Jarrow, I know it’s a place to avoid, but seriously? No page?

Posted on: November 4th, 2011 by admin 3 Comments

Right, where to begin…

Jarrow is a delightful little hole next to Hebburn (another one), Gateshead (another one), Simonside (another one) and South Shields (Has charvs, generally leave you alone.)

It is impossible to determine the exact population of this cess pit as the rate of population growth is so great. We can only hope a bad batch of Skag kills them off before the current ones are able to breed.

The best features of Jarrow are the A19, which takes you away from here, and the Shell Oil storage depot which would be useful to try and contain the Jarrovians, should they try to spread en masse.

The Viking centre has to be the worst excuse for a shopping centre on the face of the earth, though if you want a tartan trolley bag, 2nd hand books with pages missing and some poor quality plastic tat from one of the many cheap shite boutiques that generate 50% of the total GDP for the town. The other 50% being from the sale of stolen car radios, ket, disco biscuits and nylon tracksuits. Jarrow currently holds well over 10% of the worlds stockpiles of fake Burberry and nylon by mass alone, and 22% of the UK’s supply of fake gold Sovereign rings.

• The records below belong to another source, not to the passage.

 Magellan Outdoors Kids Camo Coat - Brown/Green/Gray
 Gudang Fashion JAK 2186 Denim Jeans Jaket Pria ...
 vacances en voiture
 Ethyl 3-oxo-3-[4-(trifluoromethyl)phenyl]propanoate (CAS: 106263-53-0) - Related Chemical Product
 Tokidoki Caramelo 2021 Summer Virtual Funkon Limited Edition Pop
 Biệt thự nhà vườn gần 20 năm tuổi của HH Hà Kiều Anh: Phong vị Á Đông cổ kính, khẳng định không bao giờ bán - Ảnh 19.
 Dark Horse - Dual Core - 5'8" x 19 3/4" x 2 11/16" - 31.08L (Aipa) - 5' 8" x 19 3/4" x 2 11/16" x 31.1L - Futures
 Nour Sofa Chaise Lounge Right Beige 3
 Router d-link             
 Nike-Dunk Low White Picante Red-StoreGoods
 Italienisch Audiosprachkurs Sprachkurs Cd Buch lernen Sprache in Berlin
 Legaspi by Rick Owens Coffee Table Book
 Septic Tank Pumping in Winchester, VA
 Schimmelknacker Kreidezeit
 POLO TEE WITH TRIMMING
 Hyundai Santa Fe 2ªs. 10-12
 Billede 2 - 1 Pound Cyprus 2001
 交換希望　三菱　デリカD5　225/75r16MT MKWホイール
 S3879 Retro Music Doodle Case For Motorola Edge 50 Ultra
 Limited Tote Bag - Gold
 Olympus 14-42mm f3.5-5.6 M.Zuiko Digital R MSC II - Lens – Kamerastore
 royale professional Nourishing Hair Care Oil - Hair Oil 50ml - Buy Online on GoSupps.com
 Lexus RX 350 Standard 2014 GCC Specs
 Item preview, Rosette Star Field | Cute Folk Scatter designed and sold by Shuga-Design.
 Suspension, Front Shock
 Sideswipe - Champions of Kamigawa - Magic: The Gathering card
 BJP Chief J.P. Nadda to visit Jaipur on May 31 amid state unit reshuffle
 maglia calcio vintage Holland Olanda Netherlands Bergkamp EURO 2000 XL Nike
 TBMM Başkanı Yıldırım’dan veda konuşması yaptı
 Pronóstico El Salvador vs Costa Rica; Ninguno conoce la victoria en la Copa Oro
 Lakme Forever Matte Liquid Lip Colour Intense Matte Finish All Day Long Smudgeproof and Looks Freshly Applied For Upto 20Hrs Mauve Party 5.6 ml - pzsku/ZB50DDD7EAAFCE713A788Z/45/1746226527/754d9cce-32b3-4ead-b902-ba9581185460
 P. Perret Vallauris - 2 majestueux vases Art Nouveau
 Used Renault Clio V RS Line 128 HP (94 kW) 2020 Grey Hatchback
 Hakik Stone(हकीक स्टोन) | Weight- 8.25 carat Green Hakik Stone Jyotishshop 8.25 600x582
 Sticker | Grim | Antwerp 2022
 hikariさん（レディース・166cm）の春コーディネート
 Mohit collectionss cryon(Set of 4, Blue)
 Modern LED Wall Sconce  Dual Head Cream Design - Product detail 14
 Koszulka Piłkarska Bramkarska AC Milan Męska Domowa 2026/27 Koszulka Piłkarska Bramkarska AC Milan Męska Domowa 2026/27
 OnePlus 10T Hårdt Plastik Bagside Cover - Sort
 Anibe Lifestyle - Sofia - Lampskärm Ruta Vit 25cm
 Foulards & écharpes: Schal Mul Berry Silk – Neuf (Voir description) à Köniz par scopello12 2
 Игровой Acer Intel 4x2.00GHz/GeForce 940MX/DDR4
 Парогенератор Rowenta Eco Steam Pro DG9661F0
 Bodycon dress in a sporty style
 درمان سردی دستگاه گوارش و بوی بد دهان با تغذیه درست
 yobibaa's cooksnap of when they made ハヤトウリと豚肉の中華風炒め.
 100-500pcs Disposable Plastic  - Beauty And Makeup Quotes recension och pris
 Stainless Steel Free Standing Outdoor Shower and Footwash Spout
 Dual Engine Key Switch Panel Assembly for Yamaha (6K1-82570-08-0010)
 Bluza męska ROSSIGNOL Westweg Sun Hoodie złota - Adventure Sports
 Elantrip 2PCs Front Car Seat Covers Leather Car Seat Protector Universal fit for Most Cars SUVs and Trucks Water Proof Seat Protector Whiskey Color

Jarrow’s claim to fame is that it contains the world’s only 2-platform public toilet. This is located at the local Metro station. An entry fee may apply is “Carney”, “Dekka”, “Dave” or “MC Nobbo” are present. The price can range between Metro fare to South Shields or your shoes.

Jarrow is actually a fascinating social experiment, presumably to see what would happen if some of the nicer parts of the world were to be devastated by nuclear war. The result is a race of people who value Pound coins more than life itself, worship fire in the form of burning Vauxhall Novas or Renault Clios, and tuck their trousers into their sports socks to protect them from the oily chain of the bike they are about to steal.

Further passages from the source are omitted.